De jaarlijkse feestdag van het gilde valt op zondag na ,,onse vrouwe lichtmis”, dat is dus binnen het octaaf van 2 februari. De keuze van deze dag lijkt wel wat vreemd. Wij zouden eerder aan Allerzielen of St. Barbara hebben gedacht (4 december). Van ouds vierde men op de veertigste dag na Christus’ geboorte het feest van ‘s Heren ontmoeting met de grijsaard Simeon bij de opdracht in de tempel. Waarschijnlijk heeft de kaarsprocessie die op deze dag werd gehouden, een oorspronkelijk Romeinse, heidense plechtigheid vervangen. Het dragen van licht was heel natuurlijk voor een omgang in het zeer vroege morgenuur langs straten en pleinen, waar hier en daar nog ruïnen lagen uit het heidense tijdvak. Later worden de kaarsen eerst plechtig gewijd. Zo ontstaan ommegangen met gewijde kaarsen, die zoals alle processies, al gauw het karakter kregen van boete- en bedetochten, waarbij donkere mantels gedragen werden. (Nog heden dragen de priesters de boetekleur paars.) Daarbij wordt gebeden, dat de christenen ,,na de duisternis en de gevaren dezer wereld, tot het onvergankelijk Licht mogen geraken”. 11) Omdat men geleidelijk aan meer licht liet vallen op de rol van Maria, is de naam ,,OnzeLieve-Vrouw Lichtmis” ontstaan. En nu wordt het wel duidelijker: boeteprocessies met veel kaarslicht en donkere mantels. Daarbij gebeden, waarbij Maria als ,,troosteres der bedrukten” en ,,porta coeli”, de deur des hemels, werd vereerd. Dat het feest viel in een rustige tijd, en dat in verschillende plaatsen een bestuurswisseling plaats vond, kan ook nog een rol gespeeld hebben. 12)  Er is hier sprake van een algemene inbreng. Ieder neemt nl. zijn eigen voedsel mee naar het huis, waar men ,,het gilde drinkt”. Reeds zaterdag tevoren heeft ieder een schoon tafellaken of een beddelaken gebracht. Natuurlijk mag men dit niet weghalen, voordat de maaltijd ten einde is. Maar bovendien zal men ook eerst de onkosten moeten hebben voldaan. Op zo’n manier is zo’n laken nog waarlijk een goed onderpand ! Bij overtreding volgt steeds de hoogste boete. Wie met zijn voedsel niet verschijnt betaalt hetzelfde. Nu volgt nog een verschrikkelijke bepaling : ,,gheen onsedicheyt of parlament in dit ghilde te bedriven”. Wie zou zo iets van deze vrome broederen en zusteren hebben willen veronderstellen! Onzedigheid en parlament, d.i. drukte, rumoer, woordenwisseling, twist en ruzie! Op de hoogste boete ! ! Men zal geschillen aan de deken en de ,,gemene broeders” moeten overlaten.
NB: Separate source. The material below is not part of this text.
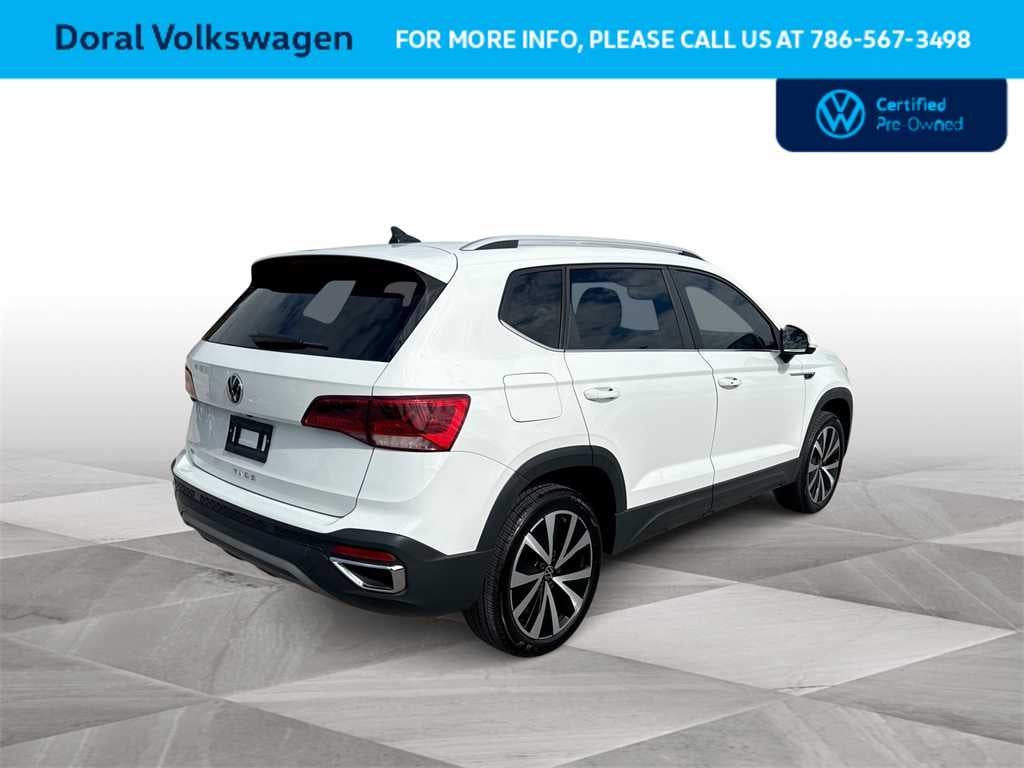 2022 Volkswagen Taos SE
Nu komt nog een moeilijke passage, die misschien wil zeggen, dat de te betalen boete van het gilde los gezien moet worden van een eventuele boete, aan de burgerlijke overheid. Verder is het op de hoogste boete verboden, enigerlei wapen bij zich te dragen.

“Ende dit ghilde sal men alle jairs drincken des sonnendaghes nae onse vrouwe lichtmis, ende elcx syn spys dair te brenghen dairmen dit ghilde drincken sal. Ende des saterdaechs voir dat ment ghilde drincken sal soe sel elck een schoon linnen tafelaken of slapelaken brenghen dair men dit ghilde drincken sal ende wederom nyet van dair te nemen of sy en hebben dat ghilde gehdroncken ende vinders voldaan op die hoechtste boet. Ende wie dair oec niet en quaem mit syn spyse dair ment ghilde drinct dat wair op die boet voorseyt. Ende gheen onsedicheyt of parlament in dit ghilde te bedriven op die hoochste boet. Ende dairenboven te bliven an den deken mitten ghemeene broders, wes sy hem meer of seyden behalve die boeten opdat dair myns heren boeten nyet in stake. Ende gheenrehande wape by hem te hebben in dit ghilde op die hoochste boet”.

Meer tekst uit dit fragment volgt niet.